## Assignment
Word for word, restate the line containing "Couverture du livre" and all the lines that come after it in the entries below. Include nothing from before it.

## Records shown
-- Opening Marker --
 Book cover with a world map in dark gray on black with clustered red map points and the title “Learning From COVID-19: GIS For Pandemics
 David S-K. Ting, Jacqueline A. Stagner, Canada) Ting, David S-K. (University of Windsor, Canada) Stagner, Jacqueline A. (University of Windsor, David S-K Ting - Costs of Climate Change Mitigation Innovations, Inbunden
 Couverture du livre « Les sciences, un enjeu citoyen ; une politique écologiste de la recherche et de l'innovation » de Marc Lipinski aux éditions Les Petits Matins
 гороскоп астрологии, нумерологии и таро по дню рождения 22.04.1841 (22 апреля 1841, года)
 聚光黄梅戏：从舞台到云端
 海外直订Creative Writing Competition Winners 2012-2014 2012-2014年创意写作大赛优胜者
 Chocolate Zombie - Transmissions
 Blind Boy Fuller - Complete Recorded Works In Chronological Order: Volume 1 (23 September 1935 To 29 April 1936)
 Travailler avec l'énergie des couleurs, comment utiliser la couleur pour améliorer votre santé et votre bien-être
-- Closing Marker --
## Output below
 Couverture du livre « Les sciences, un enjeu citoyen ; une politique écologiste de la recherche et de l'innovation » de Marc Lipinski aux éditions Les Petits Matins
 гороскоп астрологии, нумерологии и таро по дню рождения 22.04.1841 (22 апреля 1841, года)
 聚光黄梅戏：从舞台到云端
 海外直订Creative Writing Competition Winners 2012-2014 2012-2014年创意写作大赛优胜者
 Chocolate Zombie - Transmissions
 Blind Boy Fuller - Complete Recorded Works In Chronological Order: Volume 1 (23 September 1935 To 29 April 1936)
 Travailler avec l'énergie des couleurs, comment utiliser la couleur pour améliorer votre santé et votre bien-être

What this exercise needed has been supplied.